EXERCISE AIM:
For the data that follows, print the line with "TrustDavis 925 Silver", the line with "Captura da visualização", and all lines between them, exactly as they stand. Omit pictures and add nothing.

THE DATA:
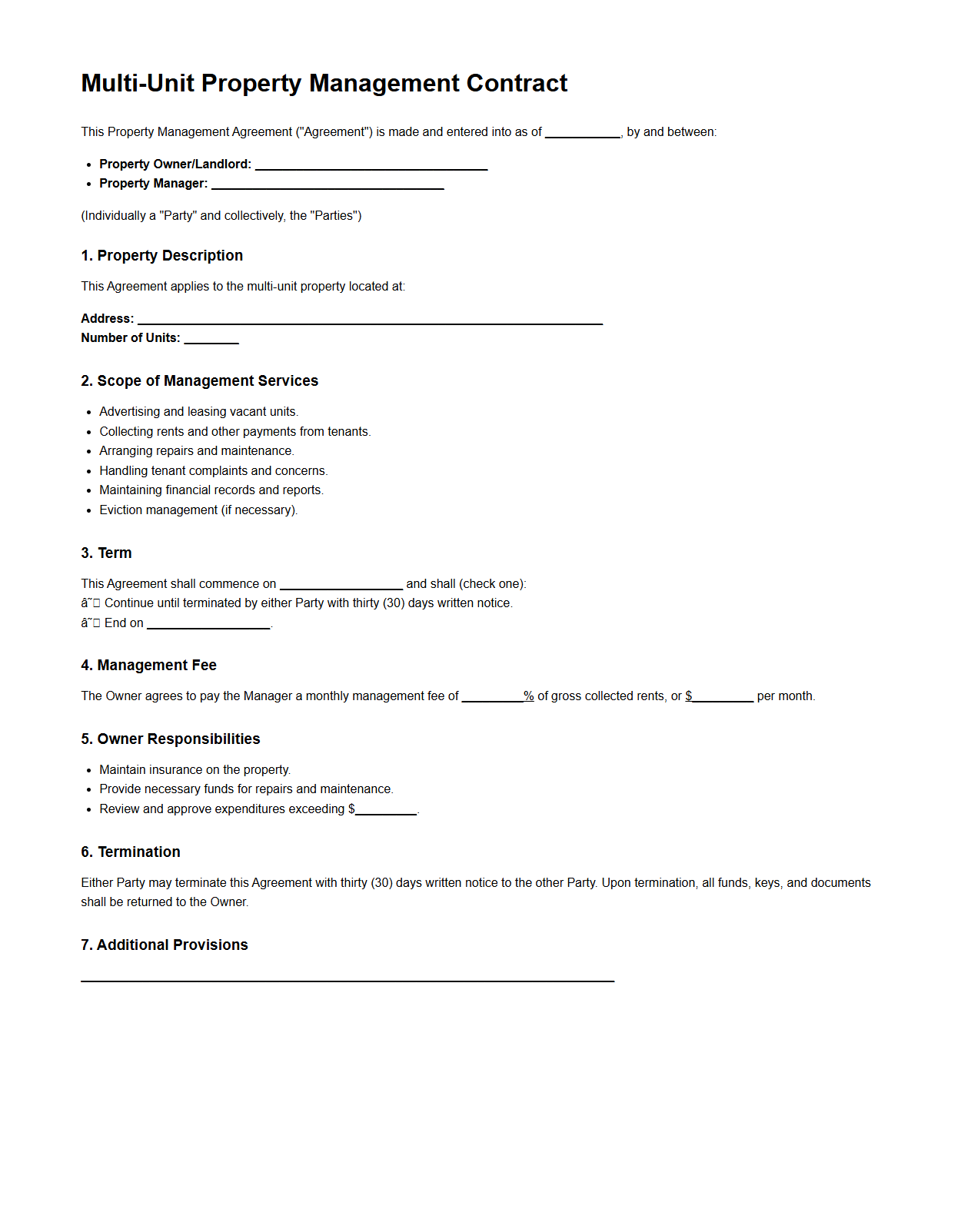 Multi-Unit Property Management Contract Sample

==

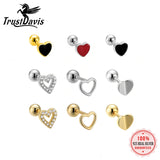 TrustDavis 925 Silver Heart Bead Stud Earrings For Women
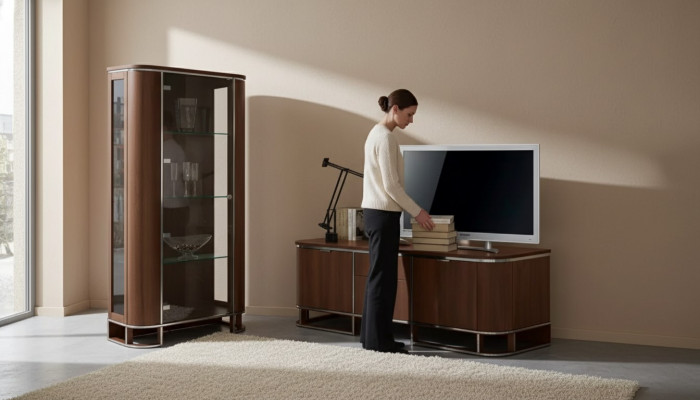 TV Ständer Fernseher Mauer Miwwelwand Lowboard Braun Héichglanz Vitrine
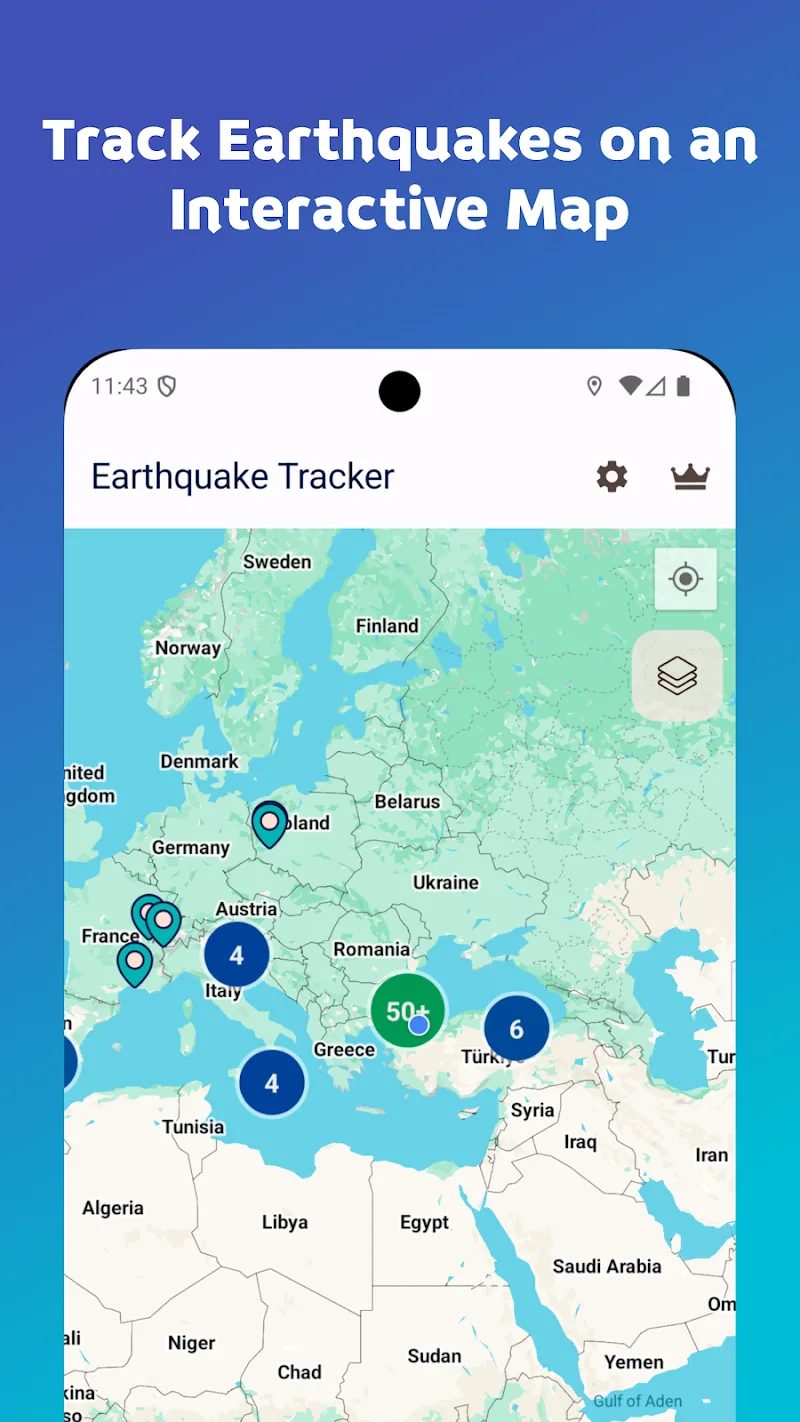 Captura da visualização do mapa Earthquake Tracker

SOLVED EXERCISE:
 TrustDavis 925 Silver Heart Bead Stud Earrings For Women
 TV Ständer Fernseher Mauer Miwwelwand Lowboard Braun Héichglanz Vitrine
 Captura da visualização do mapa Earthquake Tracker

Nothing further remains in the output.